Hoxsey v. Houchlei

135 Ill. App. 3d 176 | Ill. App. Ct. | 1985

PRESIDING JUSTICE JONES

delivered the opinion of the court:

Plaintiff appeals a judgment of the circuit court rendered upon a jury verdict finding defendants not guilty of negligence in plaintiff’s action for the wrongful death of his wife. The factual setting of the case is unusual; the issues presented involve the question of duty.

The death of plaintiff’s decedent occurred at about 10:30 in the morning of Sunday, March 31, 1980. Plaintiff’s decedent, his wife, accompanied by her then 11-year-old daughter, left their home in rural Bond County, driving their 3/4-ton pickup truck. Decedent and plaintiff had moved to that home in August of 1979. The purpose of the trip was to visit a friend. Her chosen route was a winding dirt road that passed through bottom land and crossed Bear Creek. A culvert (which the parties sometimes refer to as a bridge) was in place underneath the road as it crossed creek and bottoms. It had rained very hard on the night prior to the decedent’s trip. Although there was an alternate route available to the decedent that would have kept her out of the creek and bottoms, she nevertheless chose to travel the road across the creek and bottoms. That road was one under the jurisdiction of and maintained by Shoal Creek Township and its road commissioner, defendant Houchlei. Approximately one-half mile from her house, decedent saw that the creek and bottoms were in flood because of the previous night’s rainfall and that the road she was on was covered by the floodwaters ahead.
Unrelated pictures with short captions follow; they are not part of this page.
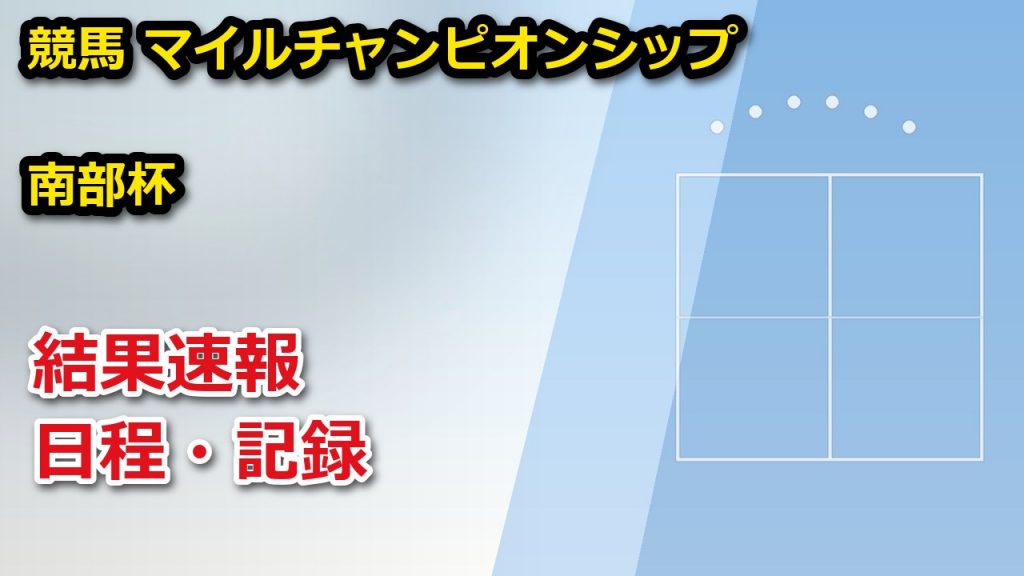 【岩手県】マイルチャンピオンシップ南部杯(JpnI) 2026【競馬】 結果速報・日程・放送予定（配信）｜岩手県競馬組合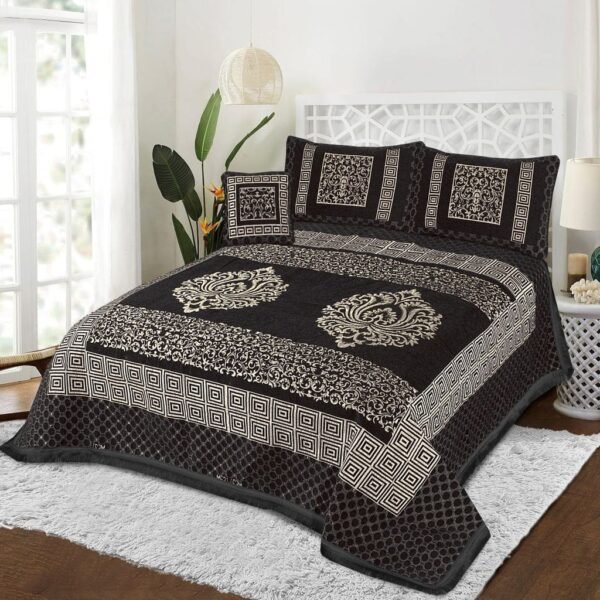 4PIECE VELVET JACQUARD BEDSHEET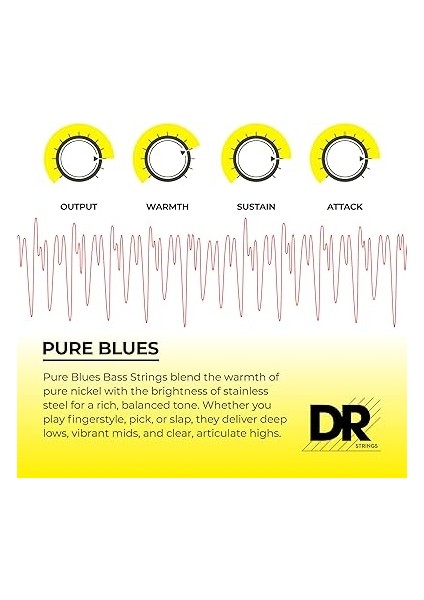 Strings PB545 45-125 Orta Boy Set El Yapımı Saf Mavi Kaplamalı 5 Telli Bas Telleri Pb5-45 modelleri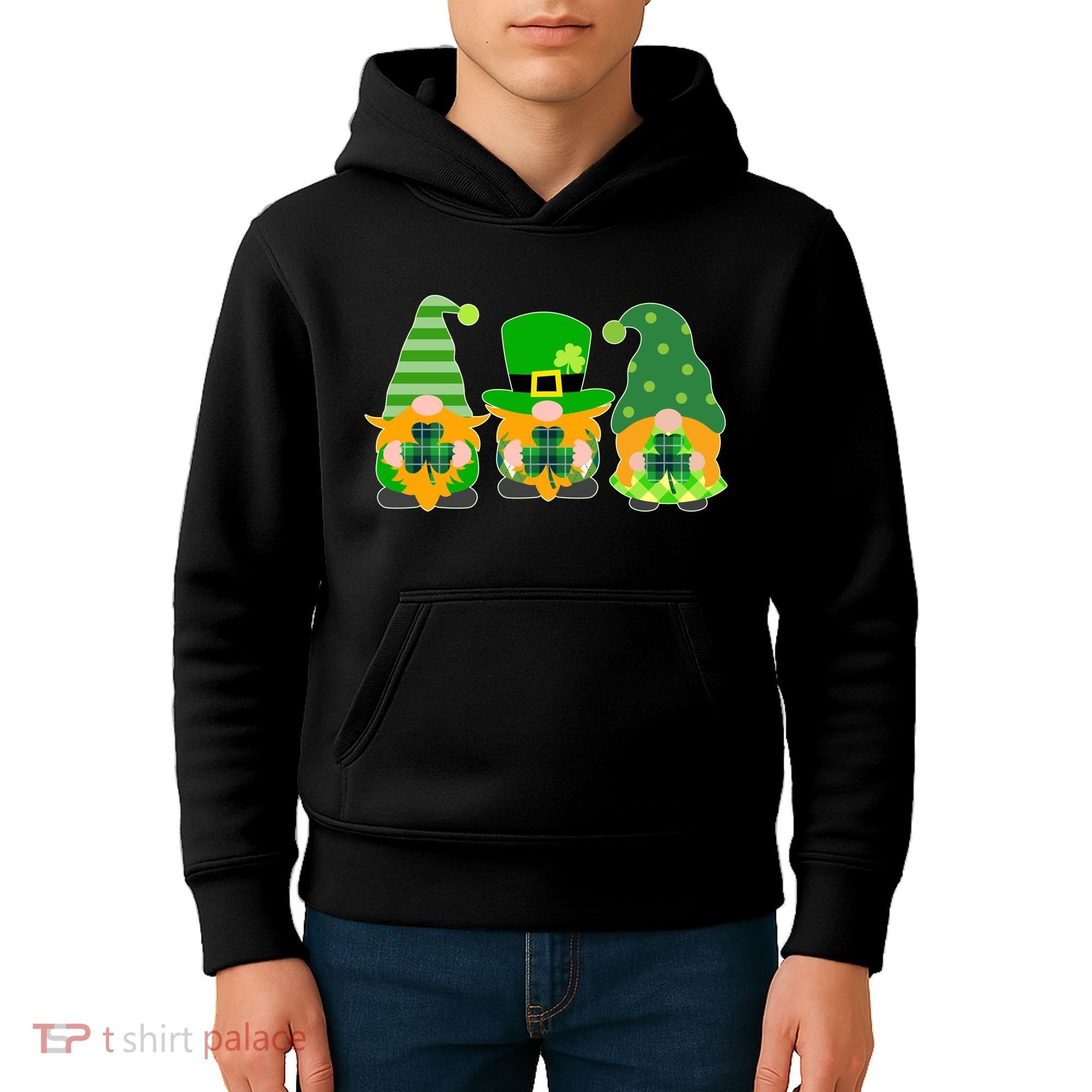 Cute St Patrick's Day Shamrock Gnomes Multi Patterns Kids Hoodie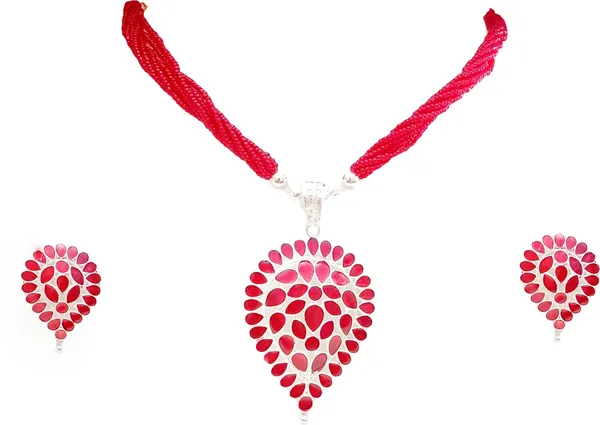 Assamese_Traditional_Red_Colour_Silver-Dugdugi_Tassel_Jewellery_Set_For_Women_&_Girl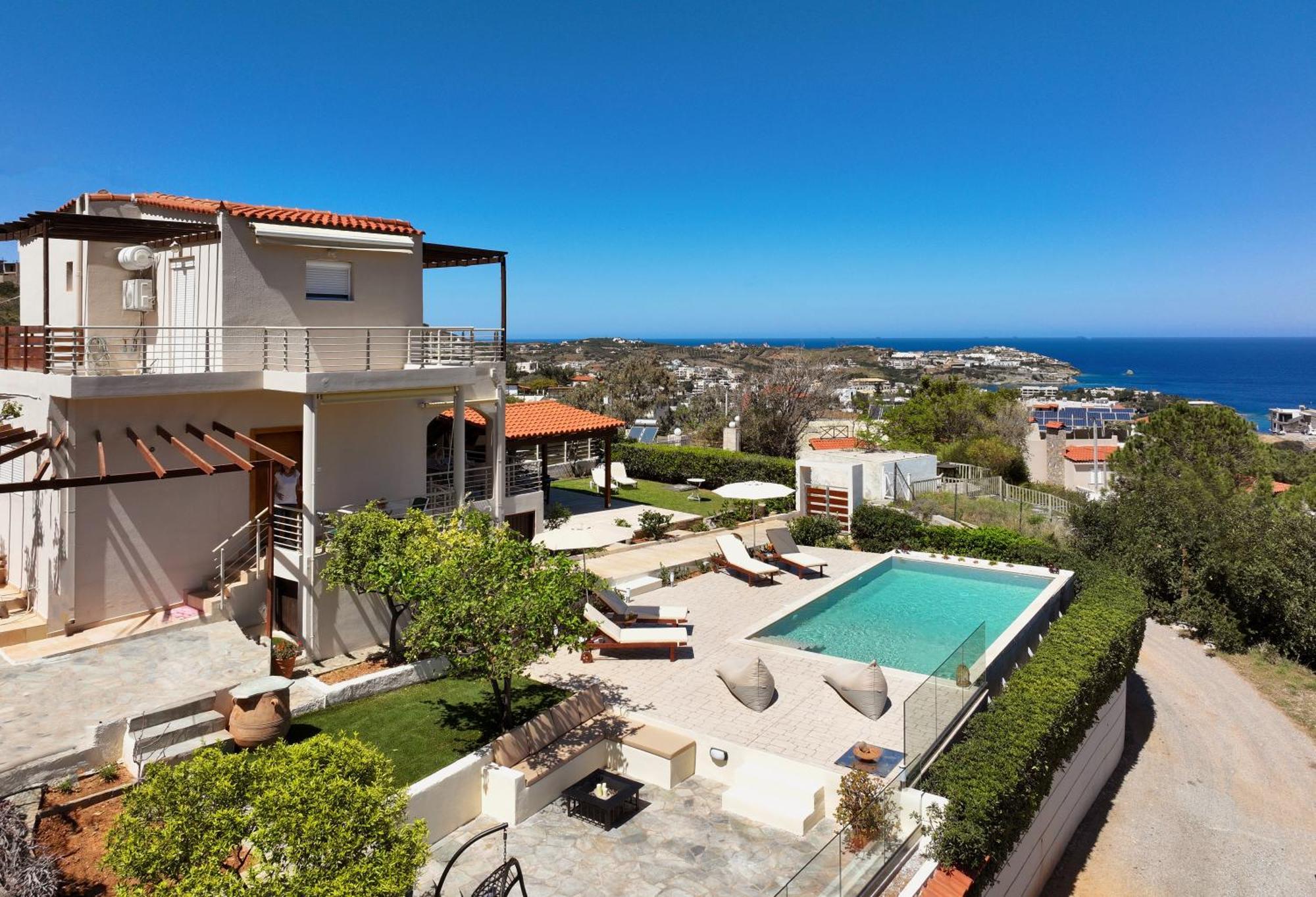 Spacious Villa With Private Eco-Pool And Panoramic Sea View Agia Pelagia Exteriér fotografie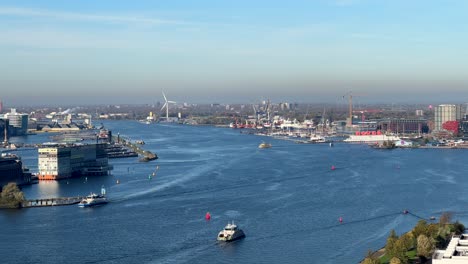 panoramic landscape port of amsterdam in netherlands with boats sailing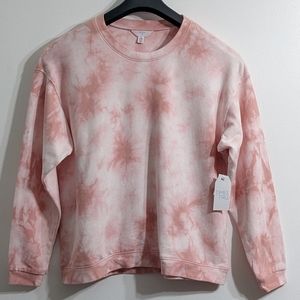 Women's Pink French Terry Tie Dye Sweatshirt, Size Small, NWT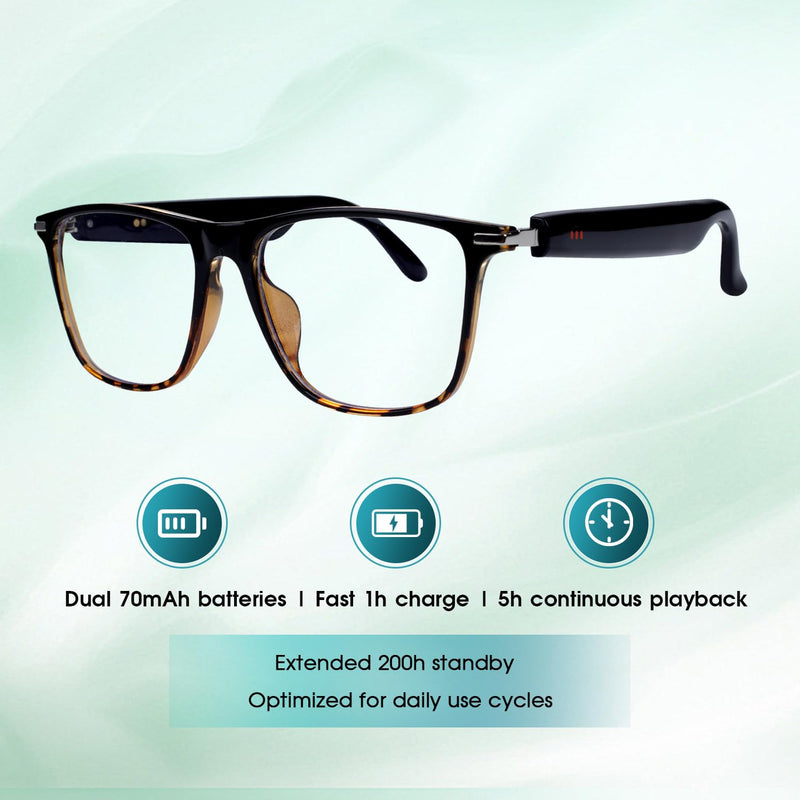 Bluetooth Audio Smart Glasses for Women & Men, Bluetooth Glasses with Color-Change Lens, Open Ear Speakers, IPX5 Waterproof, Smart Audio Glasses for iPhone Android Music/Calls (Brown) Brown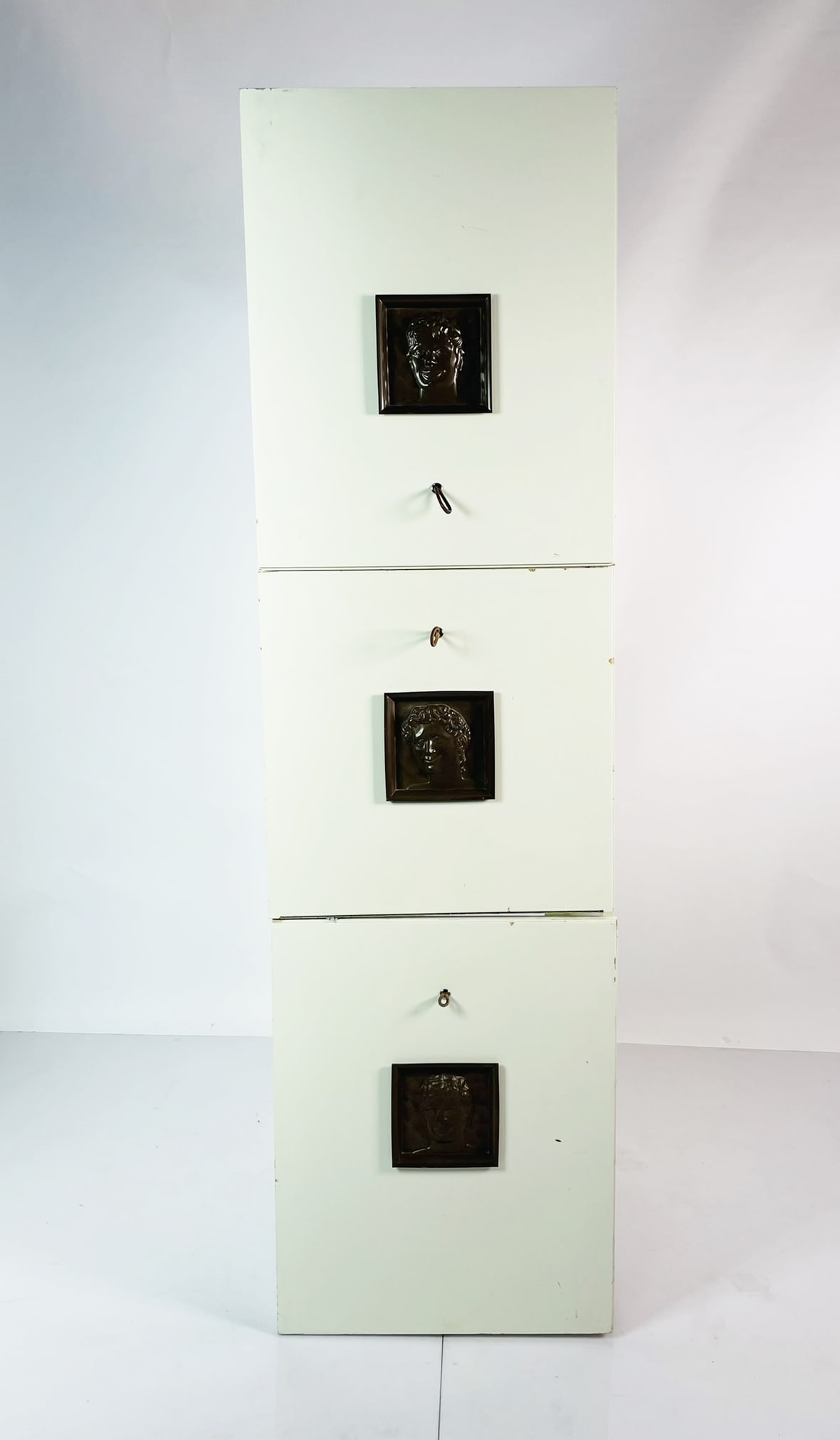 Philippe Starck Bar Cabinet from SLS Hotel in Los Angeles: Custom made bar cabinet designed by Philippe Starck for the SLS Hotel in Los Angeles. The piece has 3 compartments, one caollapsible door with a mirror insert , shelves and a space for a personal fri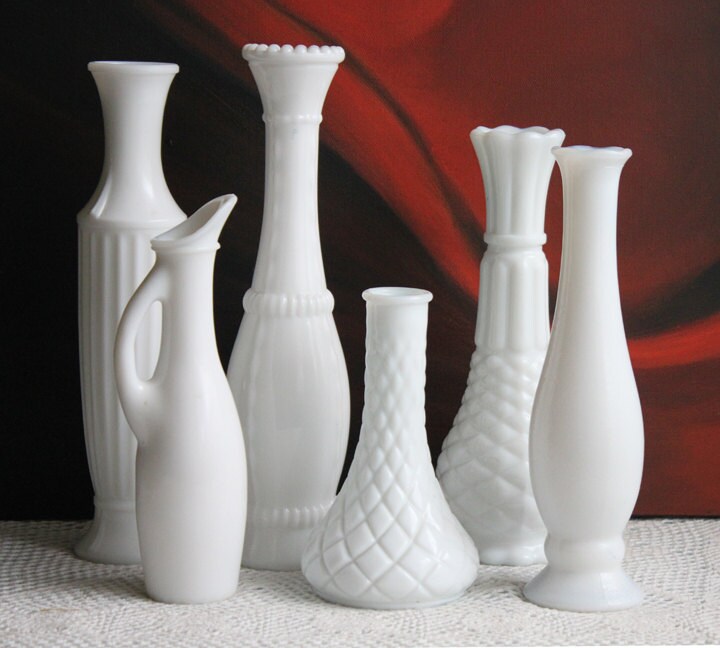 Milk Glass Vases – Set of 7 Assorted Shapes & Sizes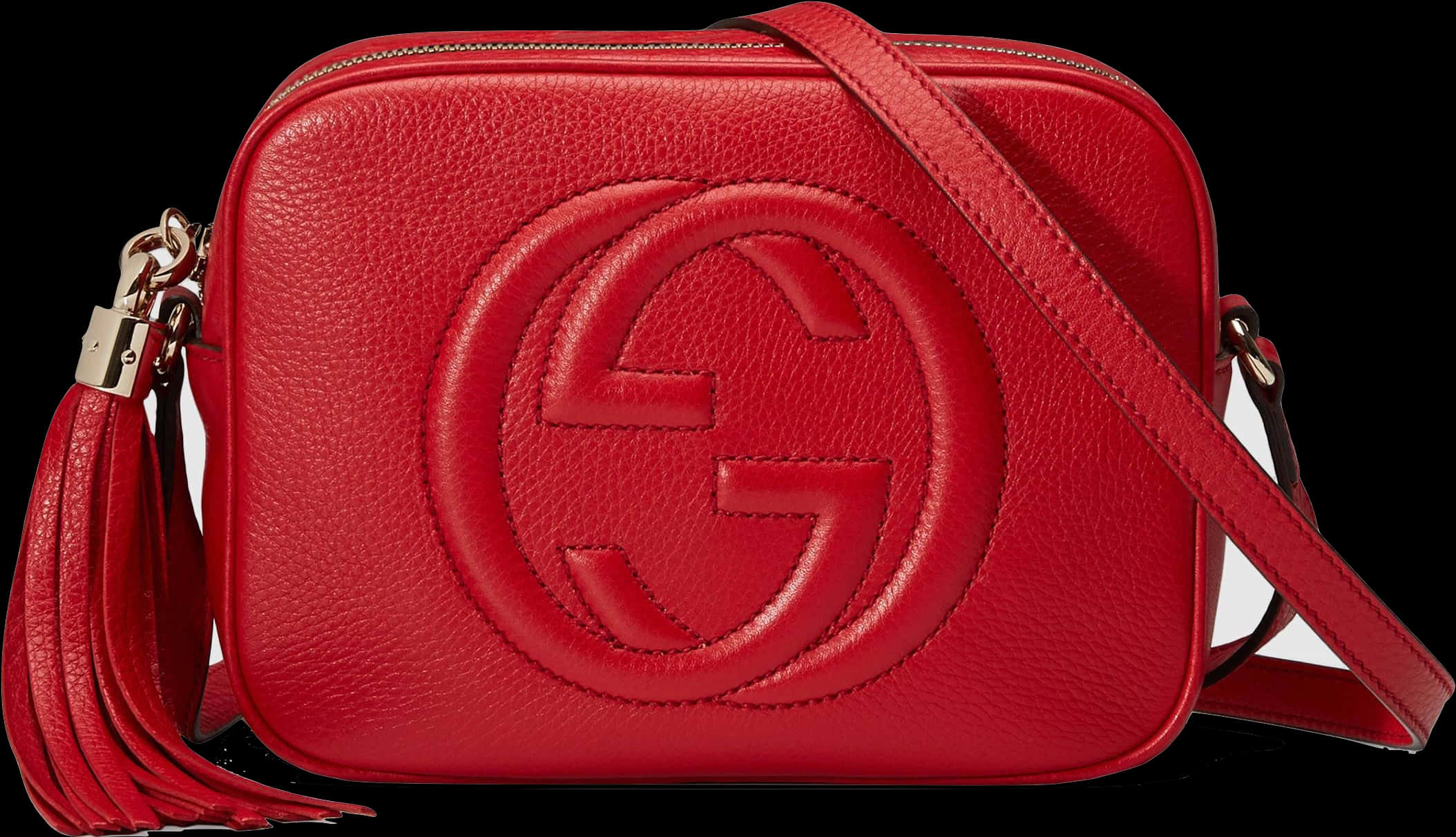 Red Gucci Leather Crossbody Bag PNG Image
Decedent had traveled the road across the bottoms many times but she had never seen it in flood, as it was on the date of her fatal trip. As decedent approached the flooded area, she decided to continue through the water, although both road and culvert were covered by water. At a point just after decedent had crossed the culvert, the engine of her pickup drowned out, and she was stalled. Decedent got out of the pickup, placed her daughter on her shoulders and started walking back toward home. As she reached the culvert she lost her footing and fell, and the current swept her and her daughter away. They grabbed hold of a log that was floating in the stream. The daughter was on an end that carried her to or near a place where she could stand, and she was able to make her way back to the pickup where she was later rescued. The decedent, unable to swim, drowned.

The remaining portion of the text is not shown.